The low-cost daytime radiation refrigeration coating with complementary spectral bands comprises the following components in parts by mass:
sunlight visible light reflecting particles, i.e. TiO particles with a particle size of 0.1-1 μm mixed at any ratio2Particles and CaCO330 portions of particles,
Sunlight near infrared reflection particles, i.e. CaCO with particle diameter of 1-10 μm mixed at any ratio3Particles, Al2O36 parts of particles,
Atmospheric window waveband emission particles, namely SiO mixed according to any proportion and having particle size of 2-20 mu m2Particles and Si3N418 parts of the particles are mixed to obtain a mixture,
40 parts of deionized water, 3 parts of dispersant vinyl bis stearamide, 3 parts of flatting agent high molecular weight siloxane, 3 parts of film forming auxiliary agent glycol, 1 part of thickening agent fatty acid and 35 parts of base material water-based phenolic resin.
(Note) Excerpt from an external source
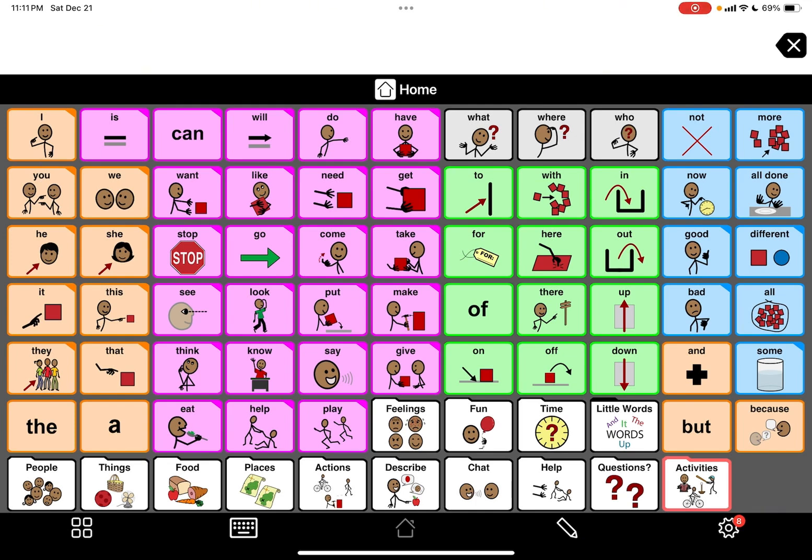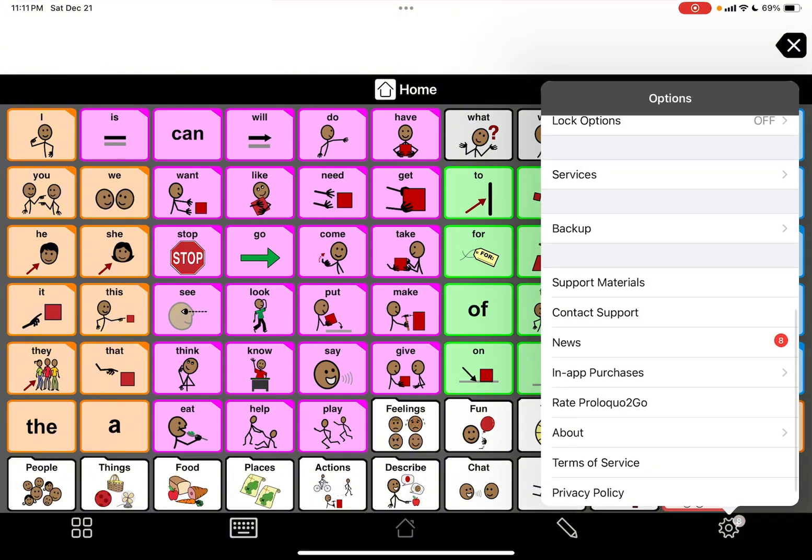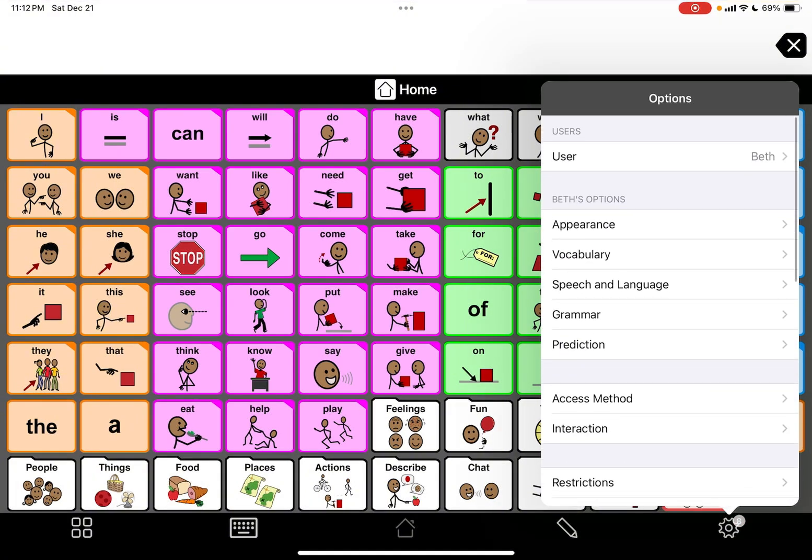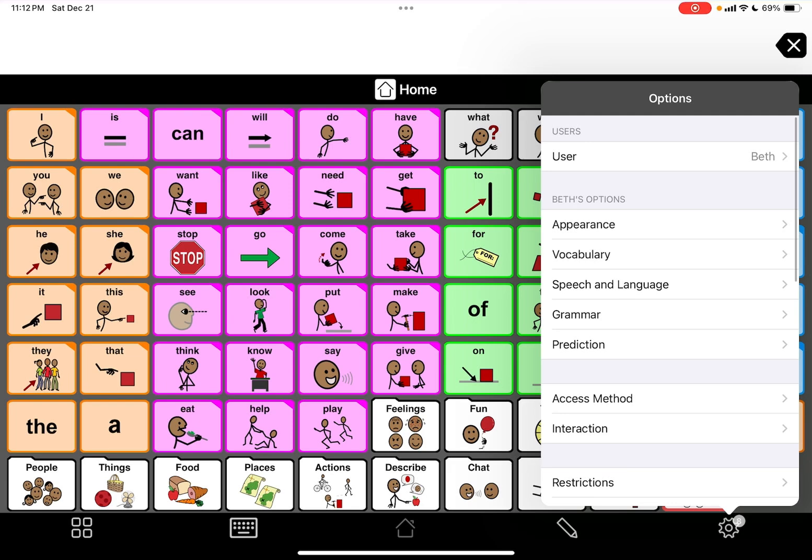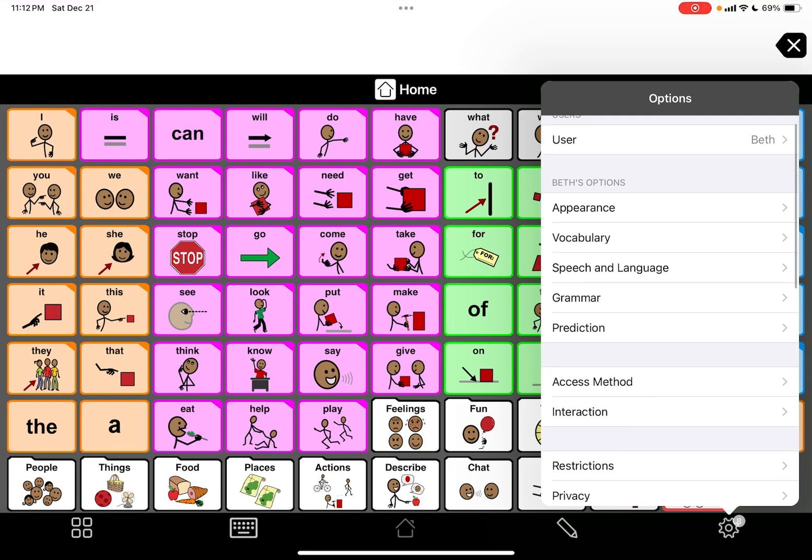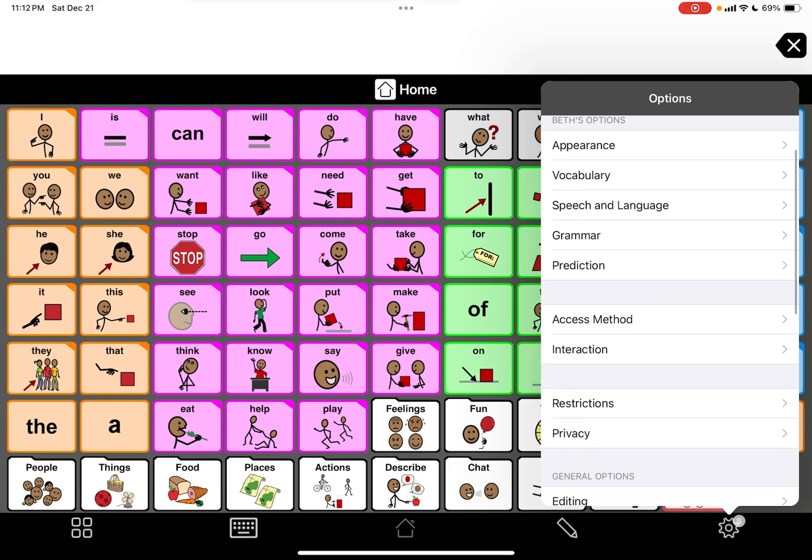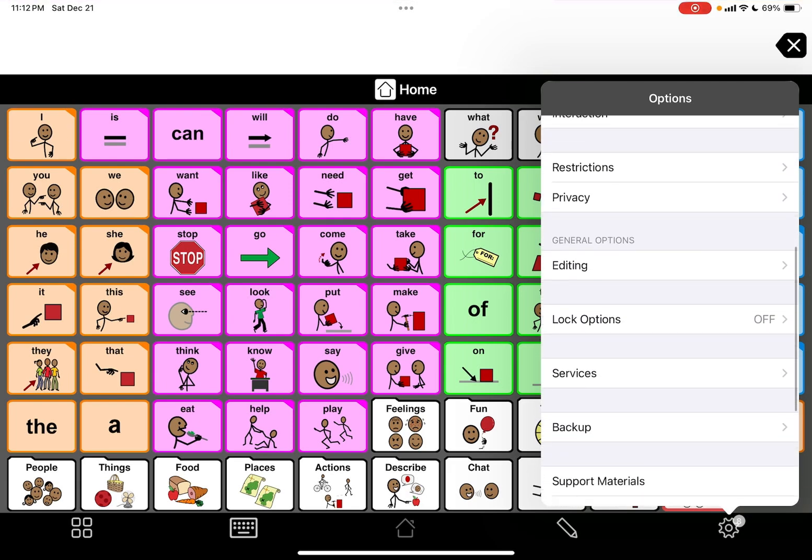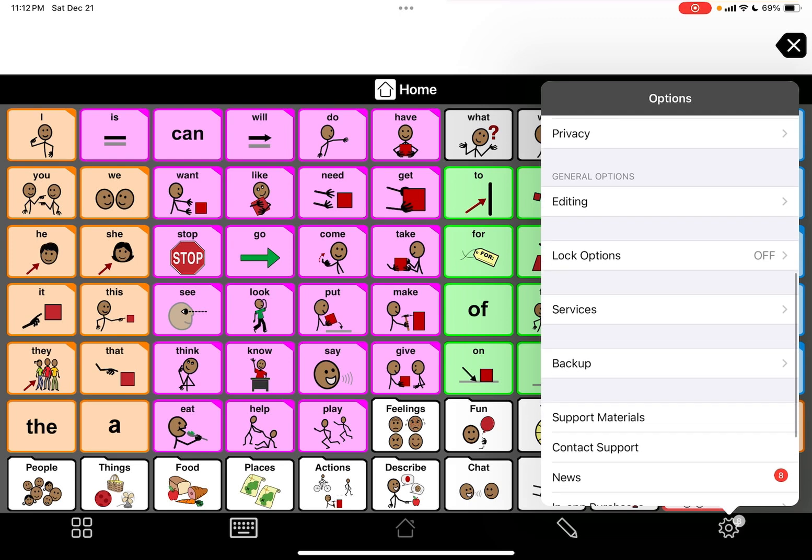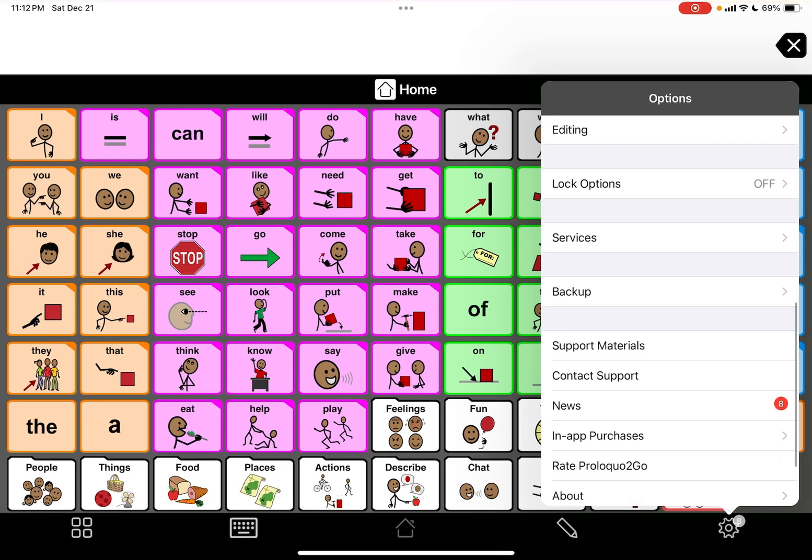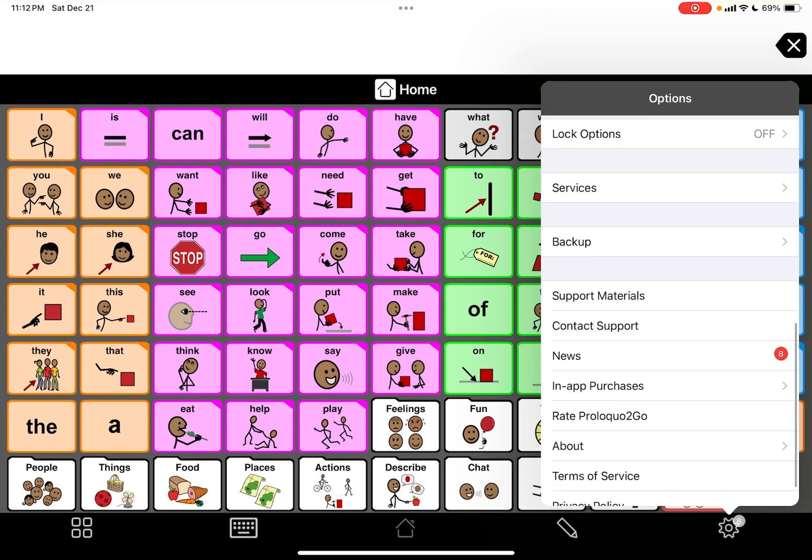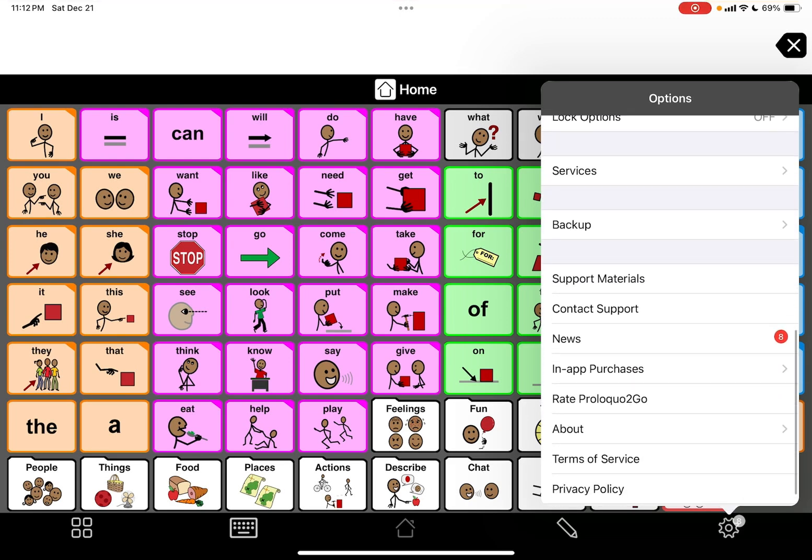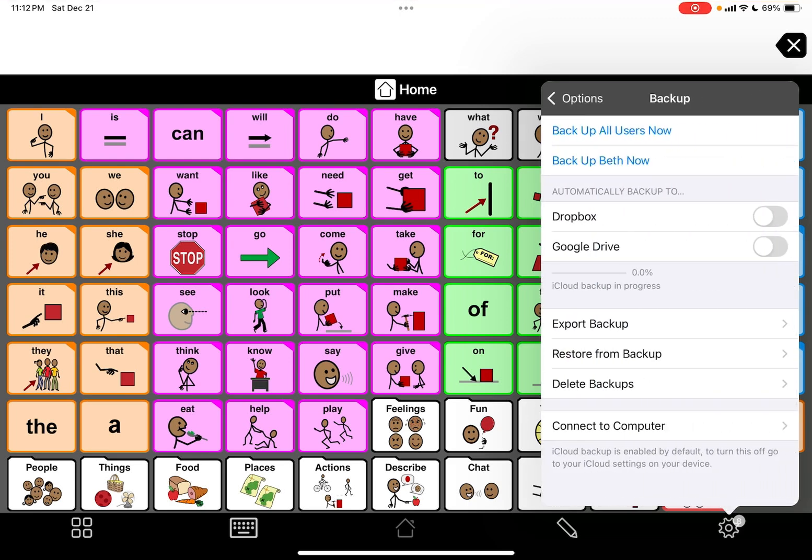I'm going to show you how to do that. You're going to go down to the right, the settings wheel. It says options and you can see this is user Beth, this is mine. So if you scroll down here until you get to backup, you're going to click on backup.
The preparation method of the low-cost daytime radiation refrigeration coating with complementary spectral bands comprises the following steps:
step one, mixing sunlight reflection particles, atmospheric window waveband emission particles, deionized water, a dispersing agent, a flatting agent and a film forming auxiliary agent, and stirring for 8 minutes in a stirrer at a rotating speed of 400r/min to obtain a mixed solution;
step two, adding the base material into the mixed solution obtained in the step one, stirring the mixed solution in a stirrer at the rotating speed of 400r/min for 25 minutes, gradually adding the thickening agent in the stirring state to adjust the viscosity, and uniformly stirring the mixture to obtain a coating;
and step three, coating the paint obtained in the step two on the surface of an aluminum sheet construction operation surface in a spraying mode, and drying to obtain the low-cost daytime radiation refrigeration coating with the complementary spectral band of 100 microns in thickness.
Example 6
The embodiment provides a low-cost daytime radiation refrigeration coating with complementary spectral bands and a preparation method thereof.
The low-cost daytime radiation refrigeration coating with complementary spectral bands comprises the following components in parts by mass:
sunlight visible light reflecting particles, i.e. particles mixed in any proportion with particle size of 0.1 to1 μm BaSO4Particles, SiO 240 portions of particles and mica powder,
Sunlight near infrared reflection particles, namely SiO with the particle diameter of 1-10 mu m mixed according to any proportion24 parts of particles and NP particles,
40 parts of particles emitting in the atmospheric window band, namely SiC particles and AlN particles mixed in any proportion and having a particle diameter of 2 to 20 mu m,
50 parts of deionized water, 4 parts of dispersant stearic acid monoglyceride, 4 parts of leveling agent acrylate homopolymer, twelve 4 parts of film-forming auxiliary agent alcohol ester, 1.5 parts of thickener carboxymethyl cellulose and 40 parts of base material water-based acrylic resin.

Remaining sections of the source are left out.